• [PROBLEM TO SOLVE]:
All entries below are to be reproduced exactly.

• [RECORDS FOR THIS TASK]:
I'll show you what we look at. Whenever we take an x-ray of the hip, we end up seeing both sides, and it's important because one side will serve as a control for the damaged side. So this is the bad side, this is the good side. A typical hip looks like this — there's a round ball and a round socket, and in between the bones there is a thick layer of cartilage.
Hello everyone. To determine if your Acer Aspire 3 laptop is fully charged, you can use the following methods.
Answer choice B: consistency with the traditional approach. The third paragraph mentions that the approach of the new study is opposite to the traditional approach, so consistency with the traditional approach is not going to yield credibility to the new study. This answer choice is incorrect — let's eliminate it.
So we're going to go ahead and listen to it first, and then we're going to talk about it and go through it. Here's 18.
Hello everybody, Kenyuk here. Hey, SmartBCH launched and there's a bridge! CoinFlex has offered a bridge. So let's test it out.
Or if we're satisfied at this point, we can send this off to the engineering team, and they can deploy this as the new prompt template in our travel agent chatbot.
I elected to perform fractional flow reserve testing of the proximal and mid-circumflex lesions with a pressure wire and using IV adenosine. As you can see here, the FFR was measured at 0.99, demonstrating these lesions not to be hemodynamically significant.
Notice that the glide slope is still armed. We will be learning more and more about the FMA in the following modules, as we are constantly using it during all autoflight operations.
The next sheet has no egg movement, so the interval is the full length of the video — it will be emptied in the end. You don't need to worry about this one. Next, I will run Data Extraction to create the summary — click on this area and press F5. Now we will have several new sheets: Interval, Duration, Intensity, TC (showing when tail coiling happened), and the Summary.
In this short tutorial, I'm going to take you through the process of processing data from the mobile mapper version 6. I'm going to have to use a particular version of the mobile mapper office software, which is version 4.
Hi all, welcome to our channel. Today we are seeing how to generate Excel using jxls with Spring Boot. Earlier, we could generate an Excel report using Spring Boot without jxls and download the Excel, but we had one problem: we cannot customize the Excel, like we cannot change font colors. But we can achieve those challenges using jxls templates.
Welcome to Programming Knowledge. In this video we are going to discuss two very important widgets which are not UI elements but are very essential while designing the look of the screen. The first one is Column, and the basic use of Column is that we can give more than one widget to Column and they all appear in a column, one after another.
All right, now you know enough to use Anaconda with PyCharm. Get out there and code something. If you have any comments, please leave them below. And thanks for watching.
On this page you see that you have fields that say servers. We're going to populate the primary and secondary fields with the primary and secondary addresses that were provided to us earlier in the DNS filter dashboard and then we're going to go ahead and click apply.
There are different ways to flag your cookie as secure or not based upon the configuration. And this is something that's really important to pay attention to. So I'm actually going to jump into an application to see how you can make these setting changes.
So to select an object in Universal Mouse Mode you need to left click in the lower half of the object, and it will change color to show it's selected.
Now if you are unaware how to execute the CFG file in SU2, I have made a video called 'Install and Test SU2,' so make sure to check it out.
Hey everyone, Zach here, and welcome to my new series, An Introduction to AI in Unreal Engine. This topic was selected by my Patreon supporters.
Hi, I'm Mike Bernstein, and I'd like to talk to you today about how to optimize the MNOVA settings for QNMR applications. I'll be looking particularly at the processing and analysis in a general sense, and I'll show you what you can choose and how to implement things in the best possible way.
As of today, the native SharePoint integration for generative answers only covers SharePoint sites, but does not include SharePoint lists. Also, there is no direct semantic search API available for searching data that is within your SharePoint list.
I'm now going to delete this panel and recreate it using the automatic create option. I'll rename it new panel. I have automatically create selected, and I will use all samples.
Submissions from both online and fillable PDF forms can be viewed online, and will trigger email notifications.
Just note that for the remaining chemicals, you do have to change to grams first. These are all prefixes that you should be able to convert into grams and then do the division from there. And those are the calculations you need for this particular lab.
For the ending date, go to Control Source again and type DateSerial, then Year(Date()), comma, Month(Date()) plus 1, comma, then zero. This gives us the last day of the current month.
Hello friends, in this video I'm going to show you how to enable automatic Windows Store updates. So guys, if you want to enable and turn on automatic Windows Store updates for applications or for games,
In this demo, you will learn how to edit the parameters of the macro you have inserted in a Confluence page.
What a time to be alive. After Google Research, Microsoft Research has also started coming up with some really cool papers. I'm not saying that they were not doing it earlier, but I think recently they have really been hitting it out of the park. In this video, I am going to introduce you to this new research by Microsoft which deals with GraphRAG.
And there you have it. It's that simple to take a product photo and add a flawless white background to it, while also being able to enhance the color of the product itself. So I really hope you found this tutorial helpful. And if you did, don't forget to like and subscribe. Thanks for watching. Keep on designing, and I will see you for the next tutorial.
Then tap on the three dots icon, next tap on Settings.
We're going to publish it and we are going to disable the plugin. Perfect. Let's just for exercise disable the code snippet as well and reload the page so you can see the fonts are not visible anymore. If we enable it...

• [WRITTEN SOLUTION]:
I'll show you what we look at. Whenever we take an x-ray of the hip, we end up seeing both sides, and it's important because one side will serve as a control for the damaged side. So this is the bad side, this is the good side. A typical hip looks like this — there's a round ball and a round socket, and in between the bones there is a thick layer of cartilage.
Hello everyone. To determine if your Acer Aspire 3 laptop is fully charged, you can use the following methods.
Answer choice B: consistency with the traditional approach. The third paragraph mentions that the approach of the new study is opposite to the traditional approach, so consistency with the traditional approach is not going to yield credibility to the new study. This answer choice is incorrect — let's eliminate it.
So we're going to go ahead and listen to it first, and then we're going to talk about it and go through it. Here's 18.
Hello everybody, Kenyuk here. Hey, SmartBCH launched and there's a bridge! CoinFlex has offered a bridge. So let's test it out.
Or if we're satisfied at this point, we can send this off to the engineering team, and they can deploy this as the new prompt template in our travel agent chatbot.
I elected to perform fractional flow reserve testing of the proximal and mid-circumflex lesions with a pressure wire and using IV adenosine. As you can see here, the FFR was measured at 0.99, demonstrating these lesions not to be hemodynamically significant.
Notice that the glide slope is still armed. We will be learning more and more about the FMA in the following modules, as we are constantly using it during all autoflight operations.
The next sheet has no egg movement, so the interval is the full length of the video — it will be emptied in the end. You don't need to worry about this one. Next, I will run Data Extraction to create the summary — click on this area and press F5. Now we will have several new sheets: Interval, Duration, Intensity, TC (showing when tail coiling happened), and the Summary.
In this short tutorial, I'm going to take you through the process of processing data from the mobile mapper version 6. I'm going to have to use a particular version of the mobile mapper office software, which is version 4.
Hi all, welcome to our channel. Today we are seeing how to generate Excel using jxls with Spring Boot. Earlier, we could generate an Excel report using Spring Boot without jxls and download the Excel, but we had one problem: we cannot customize the Excel, like we cannot change font colors. But we can achieve those challenges using jxls templates.
Welcome to Programming Knowledge. In this video we are going to discuss two very important widgets which are not UI elements but are very essential while designing the look of the screen. The first one is Column, and the basic use of Column is that we can give more than one widget to Column and they all appear in a column, one after another.
All right, now you know enough to use Anaconda with PyCharm. Get out there and code something. If you have any comments, please leave them below. And thanks for watching.
On this page you see that you have fields that say servers. We're going to populate the primary and secondary fields with the primary and secondary addresses that were provided to us earlier in the DNS filter dashboard and then we're going to go ahead and click apply.
There are different ways to flag your cookie as secure or not based upon the configuration. And this is something that's really important to pay attention to. So I'm actually going to jump into an application to see how you can make these setting changes.
So to select an object in Universal Mouse Mode you need to left click in the lower half of the object, and it will change color to show it's selected.
Now if you are unaware how to execute the CFG file in SU2, I have made a video called 'Install and Test SU2,' so make sure to check it out.
Hey everyone, Zach here, and welcome to my new series, An Introduction to AI in Unreal Engine. This topic was selected by my Patreon supporters.
Hi, I'm Mike Bernstein, and I'd like to talk to you today about how to optimize the MNOVA settings for QNMR applications. I'll be looking particularly at the processing and analysis in a general sense, and I'll show you what you can choose and how to implement things in the best possible way.
As of today, the native SharePoint integration for generative answers only covers SharePoint sites, but does not include SharePoint lists. Also, there is no direct semantic search API available for searching data that is within your SharePoint list.
I'm now going to delete this panel and recreate it using the automatic create option. I'll rename it new panel. I have automatically create selected, and I will use all samples.
Submissions from both online and fillable PDF forms can be viewed online, and will trigger email notifications.
Just note that for the remaining chemicals, you do have to change to grams first. These are all prefixes that you should be able to convert into grams and then do the division from there. And those are the calculations you need for this particular lab.
For the ending date, go to Control Source again and type DateSerial, then Year(Date()), comma, Month(Date()) plus 1, comma, then zero. This gives us the last day of the current month.
Hello friends, in this video I'm going to show you how to enable automatic Windows Store updates. So guys, if you want to enable and turn on automatic Windows Store updates for applications or for games,
In this demo, you will learn how to edit the parameters of the macro you have inserted in a Confluence page.
What a time to be alive. After Google Research, Microsoft Research has also started coming up with some really cool papers. I'm not saying that they were not doing it earlier, but I think recently they have really been hitting it out of the park. In this video, I am going to introduce you to this new research by Microsoft which deals with GraphRAG.
And there you have it. It's that simple to take a product photo and add a flawless white background to it, while also being able to enhance the color of the product itself. So I really hope you found this tutorial helpful. And if you did, don't forget to like and subscribe. Thanks for watching. Keep on designing, and I will see you for the next tutorial.
Then tap on the three dots icon, next tap on Settings.
We're going to publish it and we are going to disable the plugin. Perfect. Let's just for exercise disable the code snippet as well and reload the page so you can see the fonts are not visible anymore. If we enable it...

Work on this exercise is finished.